The models may be further defined by their required inputs and outputs. For example, a driving force model may provide an output of the driving force experienced by an electric vehicle. In order to calculate the driving force output, the driving force model may require inputs of the speed of the vehicle, gearbox losses in the gearbox of the vehicle, and the diameter of the tyres of the vehicle.

Selecting the first model from the model repository may include selecting the first model based on the requirement of the first global variable as an output. The model repository may include only one model which produces the first global variable as an output, in which case that model may be selected. Alternatively, the model repository may include a plurality of models which each produce the first global variable as an output, in which case one of the plurality of models which produce the first global variable as an output may be selected from the plurality of models. Where there are a plurality of models which each produce the first global variable as an output, the method may include selecting a first one of the plurality of models. Alternatively, if in a previous iteration of the method one model of the plurality of models has already been selected, the method may include selecting a model from the plurality of models which is different from the model which has already been selected, but which also produces the first global variable as an output. In this way, when the method is iterated, the workflow may be updated or adjusted to include different models from the model repository which may also provide the first global variable as an output. This may be useful where, for example, there are a plurality of models which all provide the same first global variable as an output but which may require a different array of inputs to calculate the output. In this way, an optimised workflow may be generated by exploring alternative arrangements of a workflow graph.

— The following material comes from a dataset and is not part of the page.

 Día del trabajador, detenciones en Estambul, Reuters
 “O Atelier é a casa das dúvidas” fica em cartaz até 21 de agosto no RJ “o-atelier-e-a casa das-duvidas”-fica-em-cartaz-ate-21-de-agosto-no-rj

When the first model has been selected from the model repository the selected first model may 15 be defined 104 as a second node in the workflow graph. Since the selected first model produces the first global variable as an output, the second node may be connected to the first node via a directed edge. In this way, the workflow graph represents the workflow of executing the model to produce the first global variable as an output.

The method further comprises assigning the second node to the first scope of the workflow graph. A scope within a workflow graph may be defined as a self-contained arrangement of nodes which contain a subset of the functionality of the entire workflow graph. For example, an outer scope of the workflow graph may contain all nodes within the workflow graph. A first scope may be defined within the outer scope which contain a subset of nodes of the workflow graph.

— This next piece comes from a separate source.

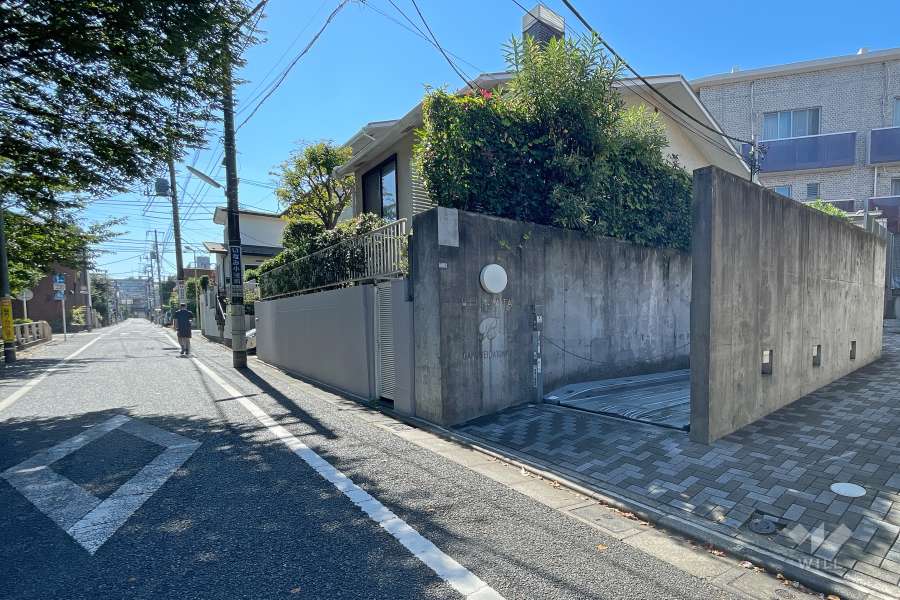 敷地南東側の前面道路　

The subset of nodes in the first scope may be an arrangement of nodes which produce an output required for a model located in the outer scope of the workflow. Further scopes may defined within the first scope which contain a subset of nodes of the first scope of the workflow graph. For example, further scopes may include a subset of nodes which contain a sub-model which produces a required input to the first scope.

The method further comprises determining 105 either i. that the first input be assigned to the first scope, or ii. that the first input be assigned to a second scope different from the first scope.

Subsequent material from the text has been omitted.